Report all lines of the data below that hold the word "with".
[Opening Entries shown section]
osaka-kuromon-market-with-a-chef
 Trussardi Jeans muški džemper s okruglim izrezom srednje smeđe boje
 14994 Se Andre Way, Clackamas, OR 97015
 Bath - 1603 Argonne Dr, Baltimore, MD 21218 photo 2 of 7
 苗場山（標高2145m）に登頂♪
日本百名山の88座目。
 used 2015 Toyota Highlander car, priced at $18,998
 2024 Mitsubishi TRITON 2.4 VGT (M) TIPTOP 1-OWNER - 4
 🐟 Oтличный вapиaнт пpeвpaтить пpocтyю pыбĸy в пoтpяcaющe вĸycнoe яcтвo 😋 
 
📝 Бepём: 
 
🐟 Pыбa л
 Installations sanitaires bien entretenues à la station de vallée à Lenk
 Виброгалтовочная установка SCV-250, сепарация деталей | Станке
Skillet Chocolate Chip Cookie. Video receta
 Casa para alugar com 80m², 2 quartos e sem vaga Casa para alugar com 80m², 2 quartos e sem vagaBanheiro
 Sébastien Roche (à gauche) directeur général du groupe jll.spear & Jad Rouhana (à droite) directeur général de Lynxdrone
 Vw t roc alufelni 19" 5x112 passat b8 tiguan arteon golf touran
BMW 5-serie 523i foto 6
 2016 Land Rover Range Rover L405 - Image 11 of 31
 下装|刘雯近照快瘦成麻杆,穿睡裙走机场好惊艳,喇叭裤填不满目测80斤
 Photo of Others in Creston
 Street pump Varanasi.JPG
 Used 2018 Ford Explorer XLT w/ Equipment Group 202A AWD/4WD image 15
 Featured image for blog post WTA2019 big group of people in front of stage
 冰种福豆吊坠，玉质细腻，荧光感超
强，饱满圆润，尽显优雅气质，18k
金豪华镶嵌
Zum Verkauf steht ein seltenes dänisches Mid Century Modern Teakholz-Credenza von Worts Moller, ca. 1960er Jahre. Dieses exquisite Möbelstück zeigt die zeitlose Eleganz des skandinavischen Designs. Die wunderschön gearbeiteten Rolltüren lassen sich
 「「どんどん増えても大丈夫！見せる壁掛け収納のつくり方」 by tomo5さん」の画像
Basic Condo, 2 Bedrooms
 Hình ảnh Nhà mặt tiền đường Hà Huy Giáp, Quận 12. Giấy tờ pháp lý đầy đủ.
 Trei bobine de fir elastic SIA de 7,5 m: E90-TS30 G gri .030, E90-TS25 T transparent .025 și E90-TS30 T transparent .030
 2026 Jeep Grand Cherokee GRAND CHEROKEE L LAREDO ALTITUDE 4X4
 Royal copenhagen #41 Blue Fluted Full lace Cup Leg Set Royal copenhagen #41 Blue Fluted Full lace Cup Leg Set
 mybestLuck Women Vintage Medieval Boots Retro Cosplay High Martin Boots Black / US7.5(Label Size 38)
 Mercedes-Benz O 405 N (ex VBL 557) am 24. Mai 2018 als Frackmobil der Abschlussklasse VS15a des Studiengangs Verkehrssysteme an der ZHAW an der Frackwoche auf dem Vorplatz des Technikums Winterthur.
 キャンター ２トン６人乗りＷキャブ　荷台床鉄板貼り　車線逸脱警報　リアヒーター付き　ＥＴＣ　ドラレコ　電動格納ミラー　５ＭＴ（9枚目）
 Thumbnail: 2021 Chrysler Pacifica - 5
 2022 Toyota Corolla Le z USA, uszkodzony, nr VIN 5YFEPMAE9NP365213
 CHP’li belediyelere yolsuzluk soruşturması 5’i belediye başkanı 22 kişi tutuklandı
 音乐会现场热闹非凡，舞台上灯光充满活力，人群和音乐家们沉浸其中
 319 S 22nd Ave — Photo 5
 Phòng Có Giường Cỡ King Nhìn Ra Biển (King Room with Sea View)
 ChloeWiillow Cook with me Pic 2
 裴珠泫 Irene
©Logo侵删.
[Closing Entries shown section]
> [Expected output]:
osaka-kuromon-market-with-a-chef
 Phòng Có Giường Cỡ King Nhìn Ra Biển (King Room with Sea View)
 ChloeWiillow Cook with me Pic 2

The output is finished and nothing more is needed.